El llanto de Boabdil
La noche
El mundo de ayer
No importó nada de lo que habíamos hecho. Habíamos dejado la tarde del sábado libre para visitar el pueblo y subir luego al mirador, al que llevaba una carretera estrecha y llena de curvas, oculta a veces entre verdes doseles. Habíamos dejado el coche en una explanada de tierra, habíamos entrado en la ermita, admirado el camarín, los sobredorados, los cuadros feos, y luego los húmedos caminos, los rincones oscuros entre aguas gárrulas, las gradas, los árboles tal vez centenarios. Habíamos parado a tomarnos un agua con gas en un barril, y sentados en dos taburetes, apoyados en la baranda, contemplando el largo día dormirse en el valle en las últimas horas de la tarde suave, pensamos que aquel era un lugar hermoso.
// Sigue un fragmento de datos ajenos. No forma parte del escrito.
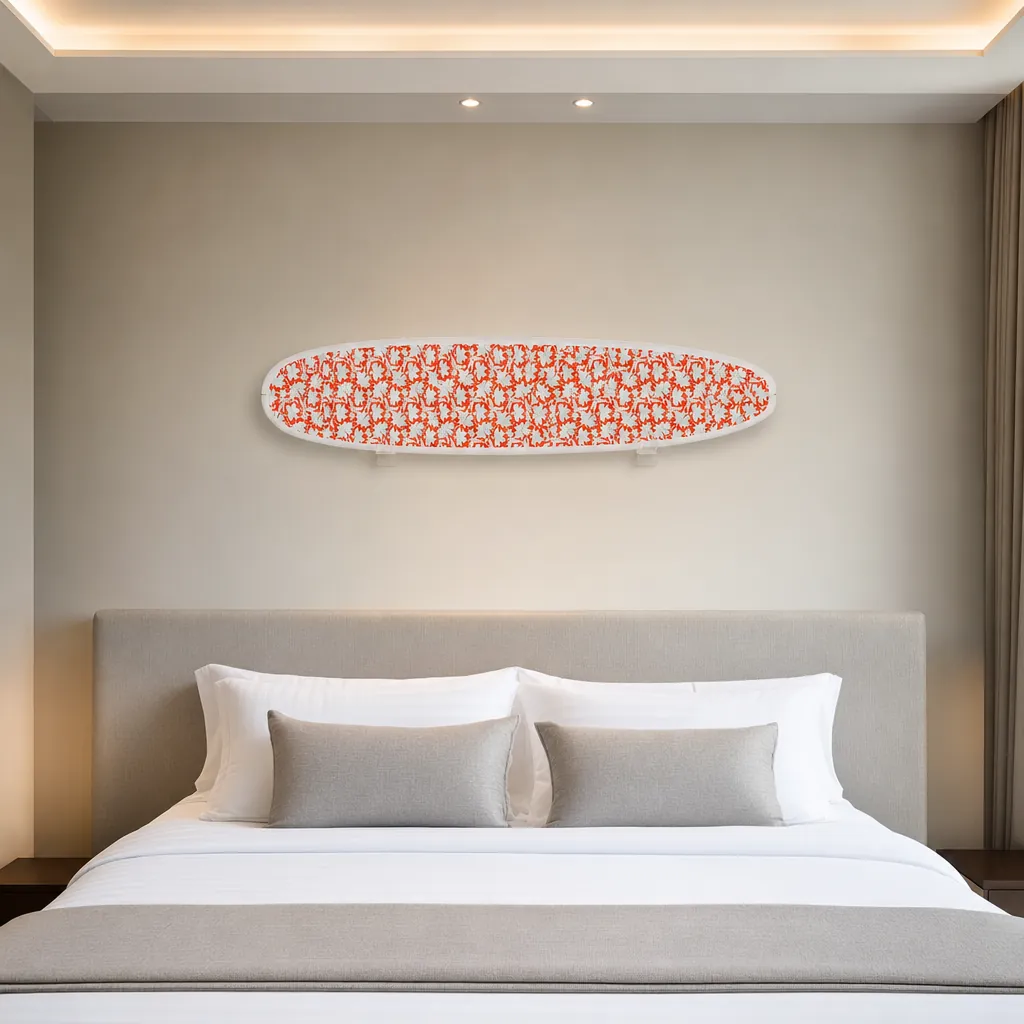 The Tangerine Tropics Print – Floral Surfboard Wall Art mounted on the wall of a high-end space (AI-generated visualization)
Fue entonces cuando vimos al perro. Estaba tumbado en el aparcamiento. Descansaba la cabeza entre las patas. Los coches pasaban a pocos metros de él, y parecía no importarle: se quedaba quieto, alzaba la cabeza, caminaba tal vez un par de metros para volver a descansar. Yo pensé que era el perro de la dueña del bar o el de algún turista. Pensé que pasaba allí las tardes, en su rincón favorito.
Al pagar, nos dijeron que el dueño era un pastor que vivía cerca. Se lo habían regalado hace poco, y apenas lo veía ni cuidaba. Nos dijeron que el perro estaba triste y sucio y con el rostro lleno de garrapatas. Me invadió una pena terrible. Bajamos a estar con él un rato. El perro, de pelo desflecado y gris con parches blancos, no nos dejaba acercarnos. Giraba el cuello cuando oía llegar a alguien, aterrado, y se te quedaba mirando la mano quieta, expectante, listo para huir. Le acercamos unas patatas fritas en una servilleta y no las tocó. Alguien le dejó un túper con comida, y cuando nos alejamos, después de un olisqueo breve, lo devoró en pocos segundos.
Intentamos estar con él y disolver su dolor, responder a su lealtad sin reservas. Pero era imposible, y nos fuimos de allí con un oscuro presentimiento, tristes, callados, oyendo sin ganas la radio, o hablando de lo que fuera para ahogar esa sombra sin nombre que nos habitó de repente, en el lugar donde parecíamos ser felices. Las cosas sencillas pueden también ser las más terribles, las más bellas, las más trascendentales: nuestra naturaleza nos hizo olvidarnos de todo para amar y sanar. Todo se hundió en la noche.